1st Workshop on Creating Interoperable Corpora of Historical Newspapers (PressMint) Second Call for Papers Date: May 16, 2026, half-day workshop Location: Palma de Mallorca, Spain Website: https://www.clarin.eu/PressMint-LREC2026 Submission Deadline: 1 March 2025 Submission link: https://softconf.com/lrec2026/PressMint/
Advertisement/Tagline Unlock the pan-European history! Join the PressMint workshop to build & analyze multilingual, interoperable historical newspaper corpora! Workshop description Historical newspapers are of interest to historians and historical linguists, as well as to social and political scientists, ethnologists, anthropologists, media and communication scholars, and researchers in cultural studies. All of these are fields where contemporary digital resources, tools and methods (e.g. “distant reading”) are still underutilised. On the other hand, corpora of historical newspapers already exist for a number of languages and countries to a large extent, as they are out of copyright. Also, the images, and often OCR, are available through the national libraries. Also, in recent years these data started to be of big interest to the researchers since they preserve the historical, cultural, political, societal past. However, these corpora are not interoperable, which precludes methods for their comparison, as well as any translingual and transnational research, an especially important consideration, as statehood and nationhood are highly dynamic in Europe in the period to be covered by the project corpora. An initial joint attempt towards the creation of a corpus of historical newspapers from the beginning of 20. century on, is the CLARIN flagship project PressMinthttps://www.clarin.eu/pressmint. The project features data from 20 partners at the moment, aiming to develop a standard for interoperable resources of newspapers in diachronic timespans.

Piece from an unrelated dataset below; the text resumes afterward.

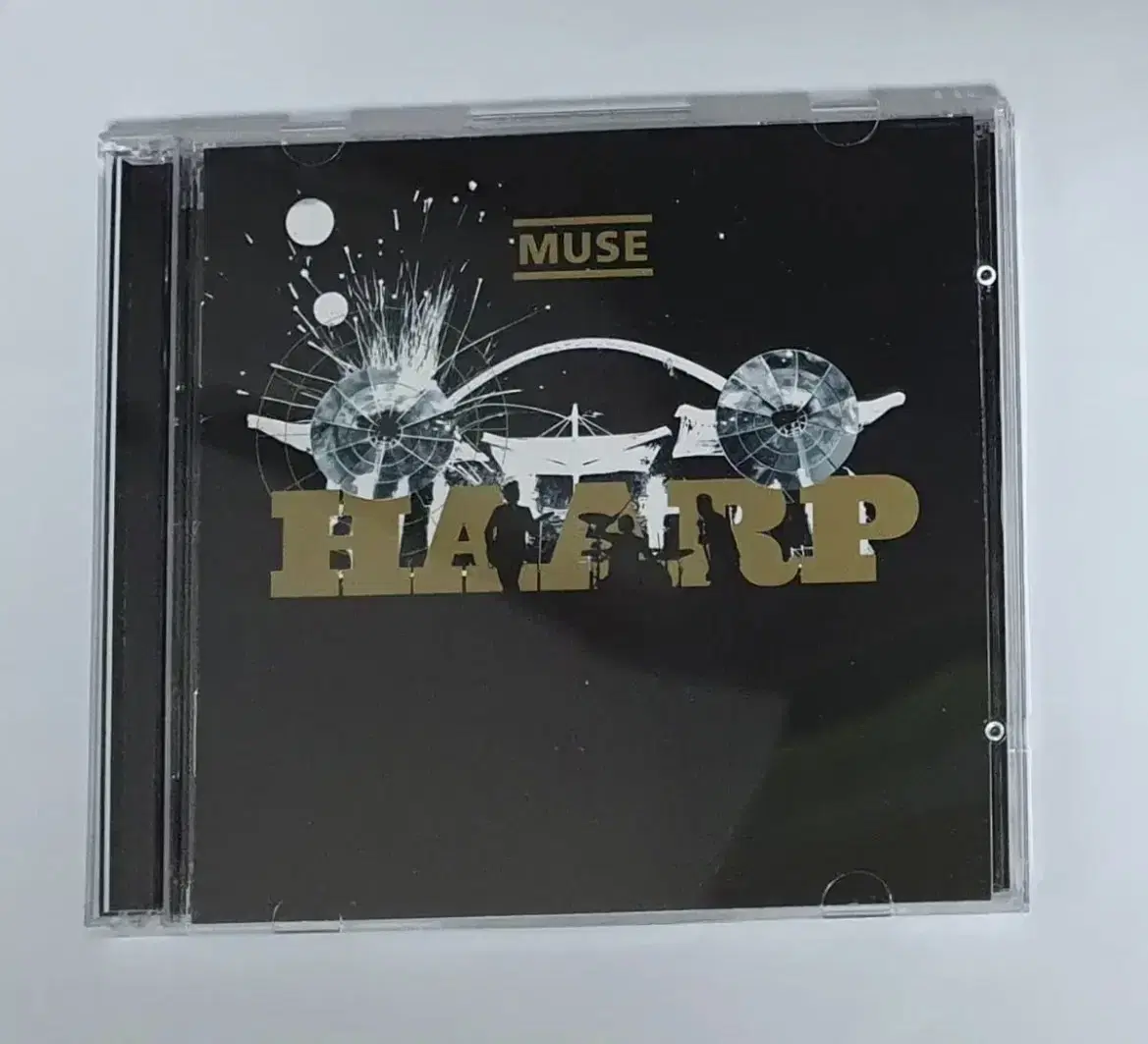 Mu's Haarp CD+DVD album CD CD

The final goal is to provide structured and high quality multilingual data in a common format, with the same type of linguistic annotation that covers (at least partially) the same time period. Objective The PressMint workshop aims to gather experts interested in creating, processing and analyzing interoperable corpora of historical data in general, but especially with a focus on newspapers. Another very important objective is to consider also the perspective of the communities who use historical data - their purposes, requirements, feedback. We encourage the interested colleagues to present their work on both types of levels – national and pan-European; monolingual and multilingual as well as task-specific and multidisciplinary. We view this workshop as a venue to exchange research ideas and start collaboration on this topic.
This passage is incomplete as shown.